Material for this task:
• • • • •

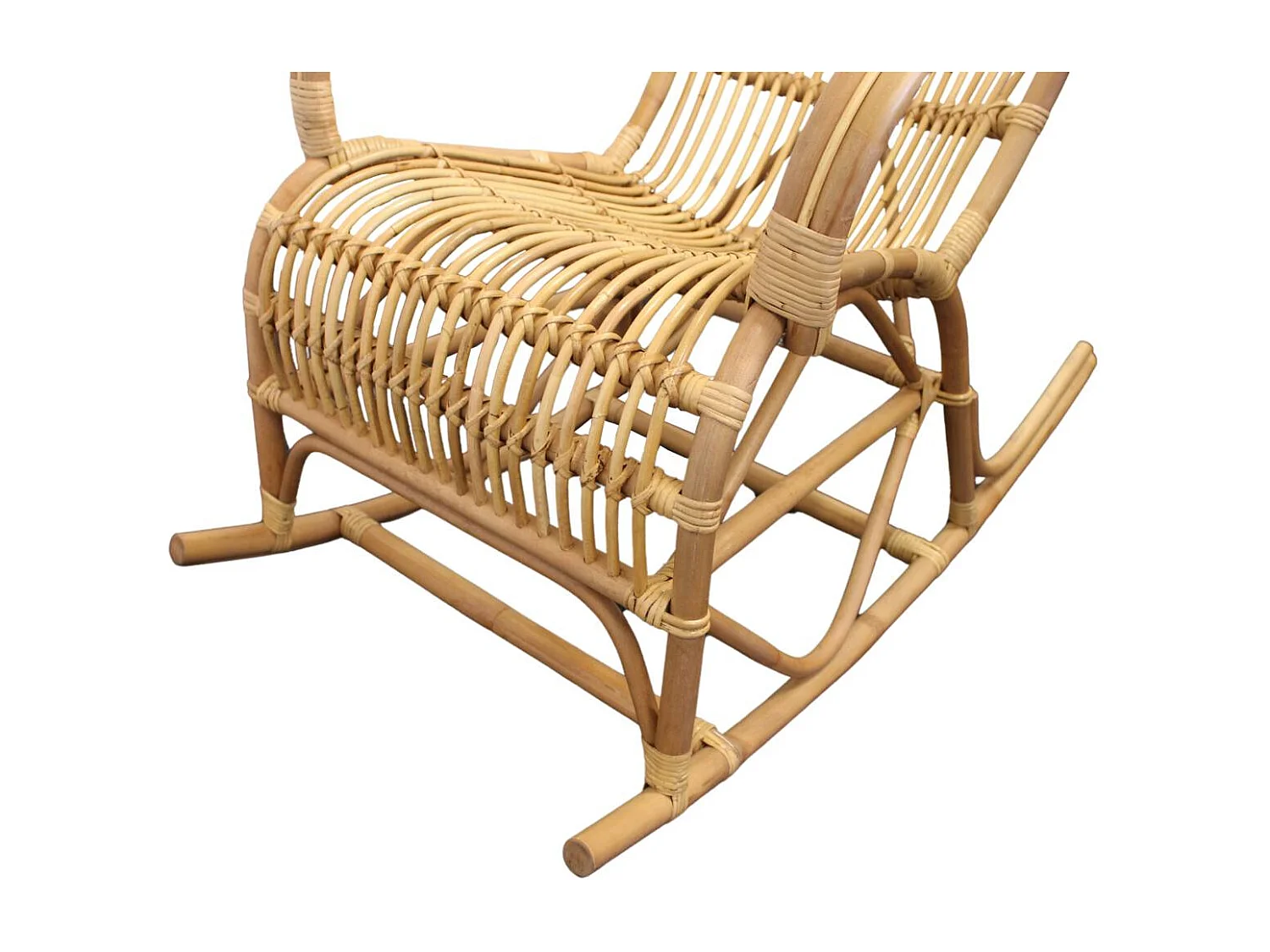 Rocking chair vintage en rotin Rattan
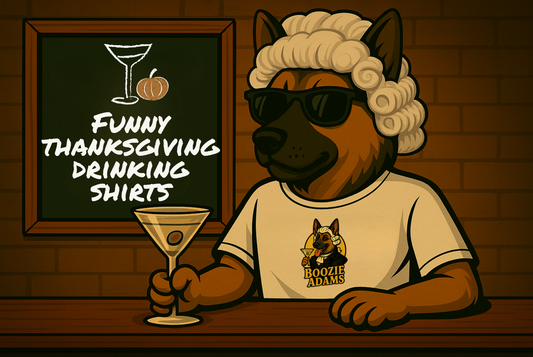 Funny Thanksgiving drinking shirts with wine, martini, and cocktail designs from Boozie Adams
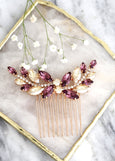 Purple Bridal Hair Comb, Purple Hair Comb, Purple Violet Crystal Hair Comb, Bridal Hair Accessories, Mulberry Purple Gold Hair Comb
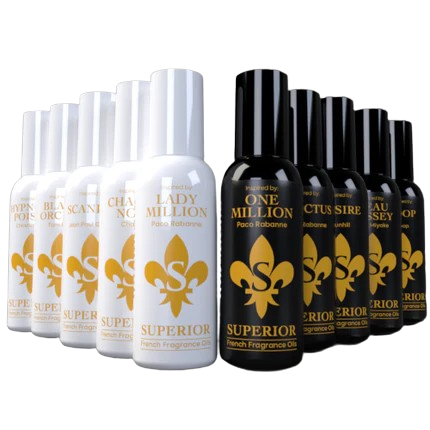 Set of white and black bottles with 'Superior' branding on a white background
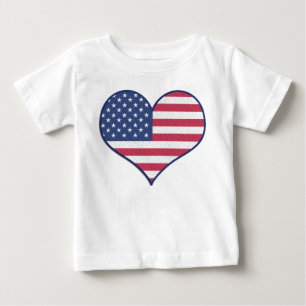Patriotic USA flagga Heart Hjärtat Modiga T Shirt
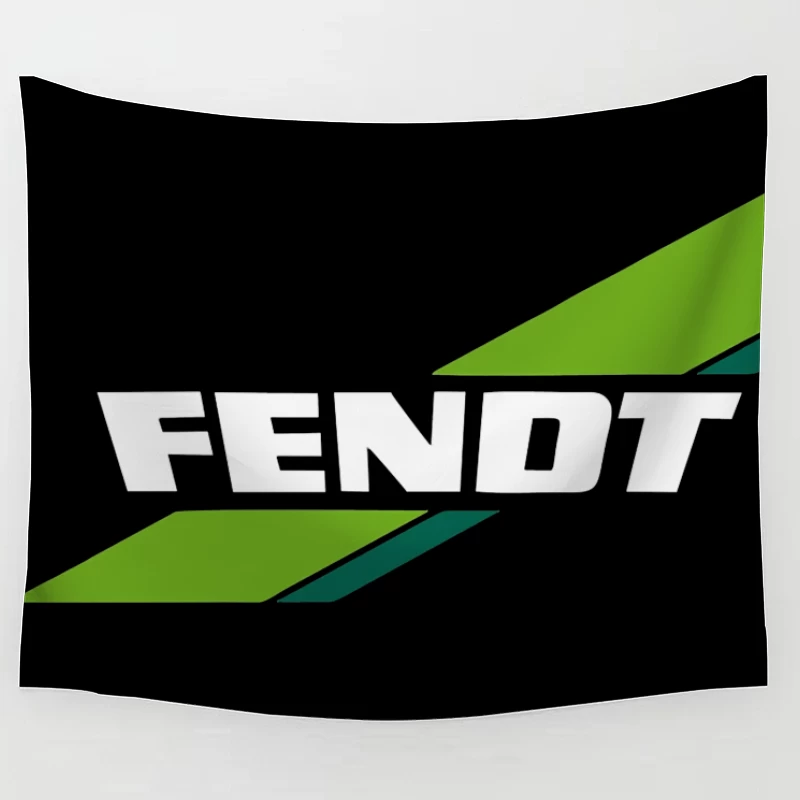 Fendt Agricultural Machinery Logo with Green Diagonal Stripes Tapestry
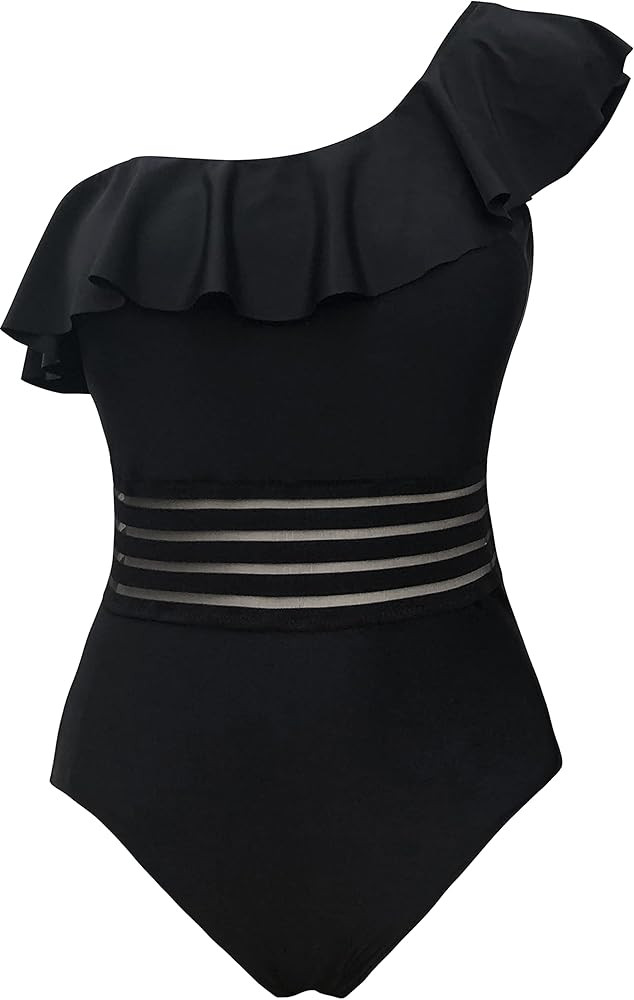 Gabrielle-Aug Women's One Piece Swimsuit Ruffled Lace Swimsuits One Shoulder Monokinis | Amazon (US)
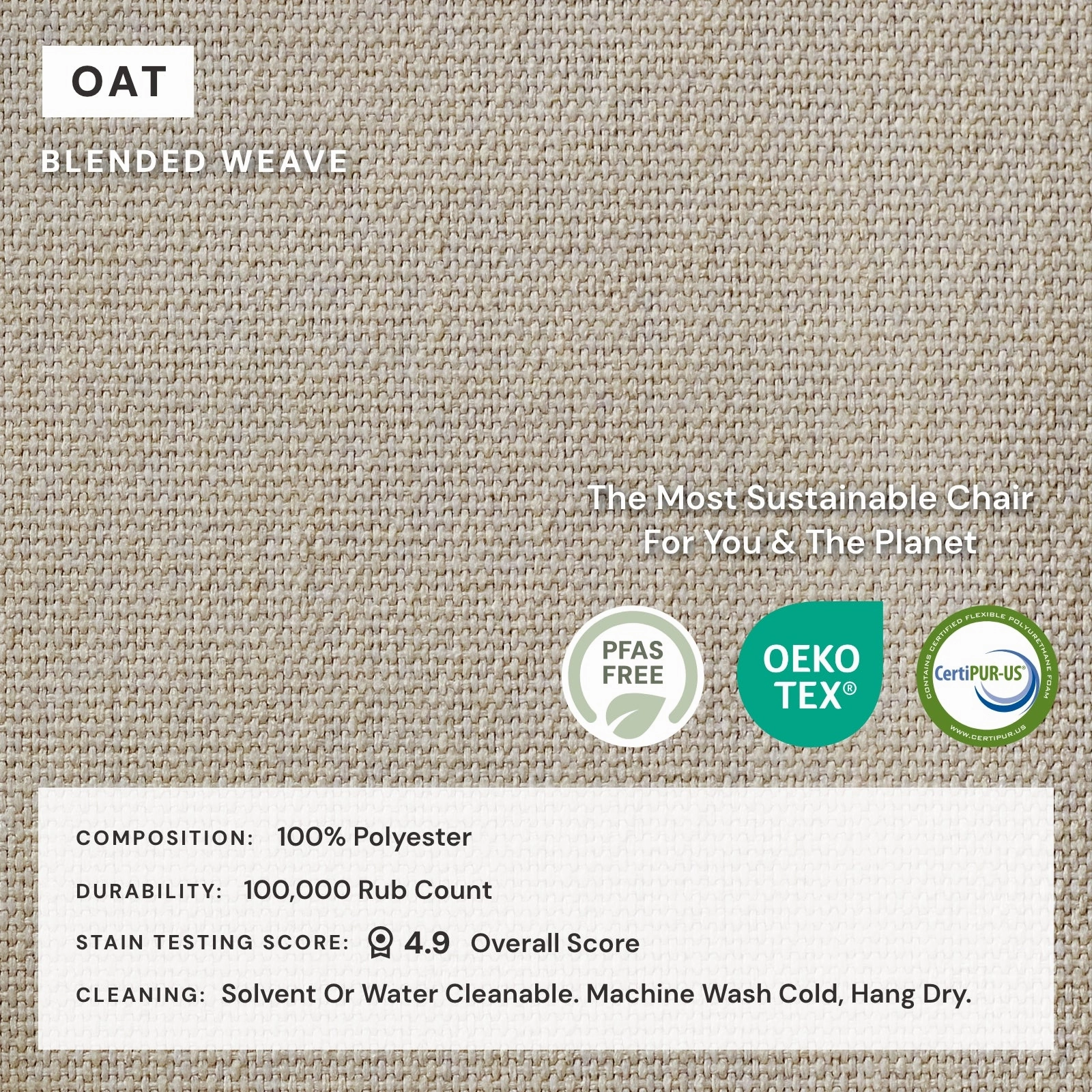 Washable Upholstered Dining Chair | 19 Back Height in Oat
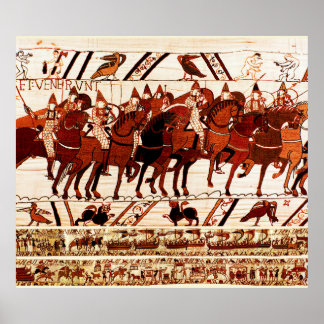 PÓSTER BAYEUX TAPESTRY NORMAN ARMY, KNIGHTS HORSEBACK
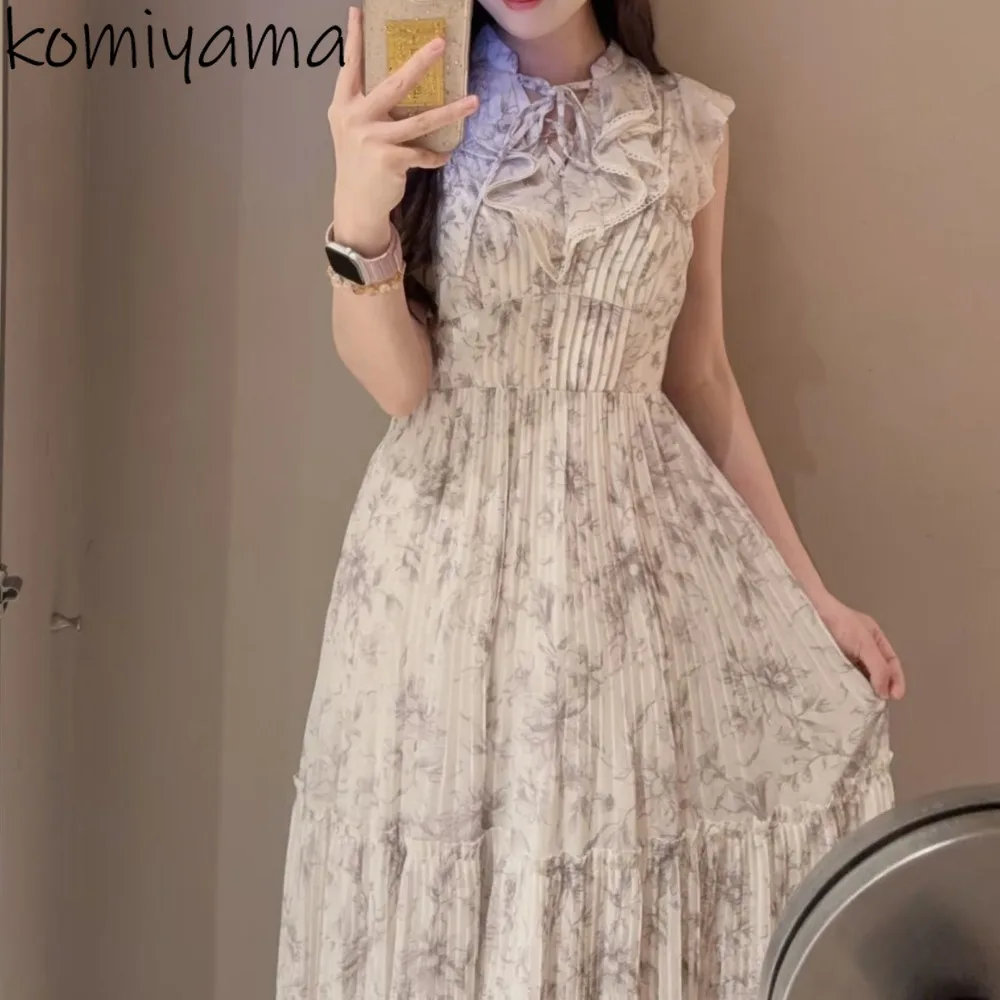 

Japan Sweet Print Woman Dress Pleated Flying Sleeve Vestidos Summer 2025 V-neck Dresses Ruffles Lace-up Robe Tunic Ropa Mujer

• • • • •

Task objective: Return to the listing above and set it down exactly, leaving out its pictures.

Exercise response:
 Rocking chair vintage en rotin Rattan
 Funny Thanksgiving drinking shirts with wine, martini, and cocktail designs from Boozie Adams
 Purple Bridal Hair Comb, Purple Hair Comb, Purple Violet Crystal Hair Comb, Bridal Hair Accessories, Mulberry Purple Gold Hair Comb
 Set of white and black bottles with 'Superior' branding on a white background
Patriotic USA flagga Heart Hjärtat Modiga T Shirt
 Fendt Agricultural Machinery Logo with Green Diagonal Stripes Tapestry
 Gabrielle-Aug Women's One Piece Swimsuit Ruffled Lace Swimsuits One Shoulder Monokinis | Amazon (US)
 Washable Upholstered Dining Chair | 19 Back Height in Oat
 PÓSTER BAYEUX TAPESTRY NORMAN ARMY, KNIGHTS HORSEBACK

Japan Sweet Print Woman Dress Pleated Flying Sleeve Vestidos Summer 2025 V-neck Dresses Ruffles Lace-up Robe Tunic Ropa Mujer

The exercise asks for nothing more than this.